Por ejemplo, los métodos de acuerdo con la presente invención pueden usarse para obtener una composición farmacéutica que contiene una cantidad farmacéuticamente eficaz del agente de activación de células T y/o la composición obtenida de acuerdo con la presente invención, opcionalmente en combinación con un transportador y/o diluyente farmacéuticamente aceptable, preferiblemente para el tratamiento curativo o profiláctico del cáncer, infecciones y enfermedades autoinmunes. Adicionalmente, la composición farmacéutica que puede obtenerse usando la presente invención puede contener uno o más agentes de activación de células T que pueden actuar de manera aditiva o sinérgica con el agente de activación de células T y/o la composición de acuerdo con la presente invención. La composición farmacéutica que puede obtenerse usando la presente invención puede aplicarse mediante cualquier vía de aplicación convencional usada en la vacunación o terapia celular tal como administración intravenosa, intramuscular, intracutánea, subcutánea y/o intralinfática, por ejemplo, por infusión o inyección.

La composición farmacéutica que puede obtenerse usando la presente invención puede aplicarse en un método para el tratamiento de un paciente que padece una alteración del sistema inmunológico que puede estar causada por enfermedades tales como por cáncer, infecciones, fallo renal, enfermedades autoinmunes y/o inmunodisfunciones hereditarias que comprenden la etapa de administrar la composición farmacéutica descrita anteriormente en una cantidad suficiente para estimular y/o realizar una respuesta inmune específica en un paciente.
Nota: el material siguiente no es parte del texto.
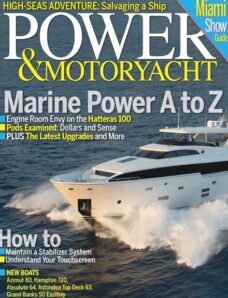 Power & Motoryacht – February 2014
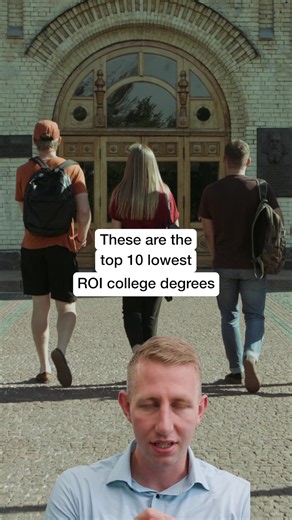 Which college degrees do you think have the best ROI today? | College Degrees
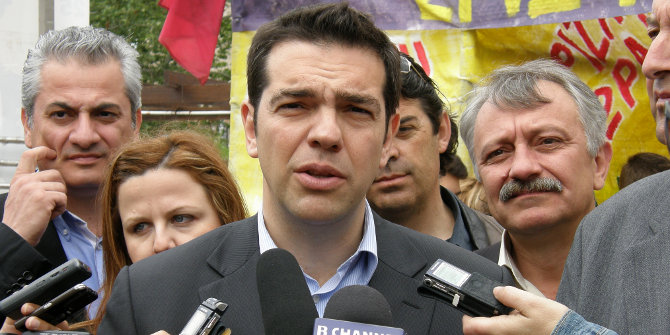 Syriza leads the polls in Greece, but it remains unclear who the party could enter coalition with after the election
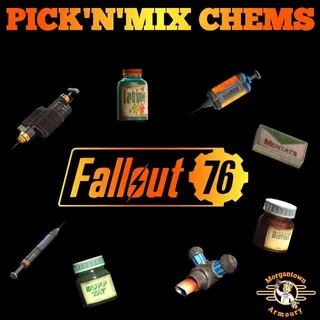 Aid | 1,000 Pick'N'Mix Chems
Realizaciones adicionales de la presente invención se refieren a métodos para la preparación de células dendríticas activadas y células T activadas, respectivamente. El método para la preparación de células dendríticas activadas de acuerdo con la presente invención comprende las etapas de

(b): preparar monocitos del paciente o de un pariente del mismo,

en el que el virus puede mejorar la adhesión y la presentación del antígeno a las células dendríticas y modular la activación, maduración, estabilidad y coseñalización de las células dendríticas;

en el que las etapas (a) y (b) no implican ningún tratamiento quirúrgico del cuerpo de un ser humano o un animal, y en el que el pariente del paciente es una persona o animal que está relacionado consanguínea y/o genéticamente con el paciente mediante el tipo HLA.
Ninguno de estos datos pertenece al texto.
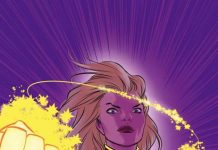 Warren Ellis co-escribirá el guión de Captain Marvel en febrero y marzo Captain Marvel Nº 12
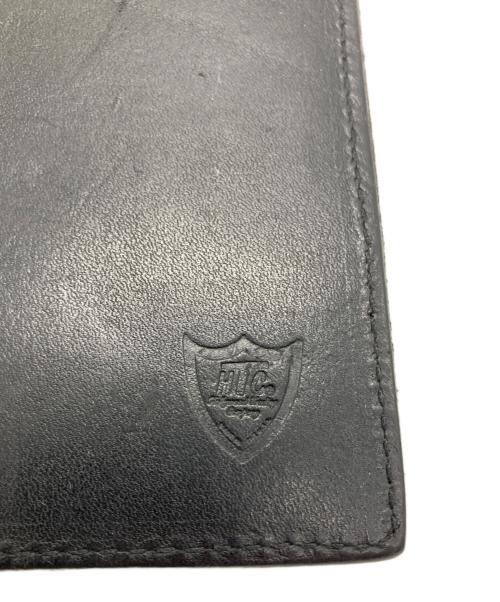 htc（エイチティーシー）HTC (エイチティーシー) L字レザーコインケース ブラックの古着・服飾アイテム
El método para la preparación de células T activadas de acuerdo con la presente invención comprende las etapas de

(i): preparar células T de un paciente o pariente del mismo,

(ii): tratar las células T con el agente de activación de células T obtenido in vitro, por el método de acuerdo con la presente invención,

en el que la etapa (i) no implica ningún tratamiento quirúrgico del cuerpo del paciente o del pariente y en el que el pariente del paciente es una persona o animal que está relacionado consanguínea y/o genéticamente con el paciente mediante el tipo HLA.

La presente invención se ilustrará adicionalmente mediante los ejemplos siguientes no limitativos.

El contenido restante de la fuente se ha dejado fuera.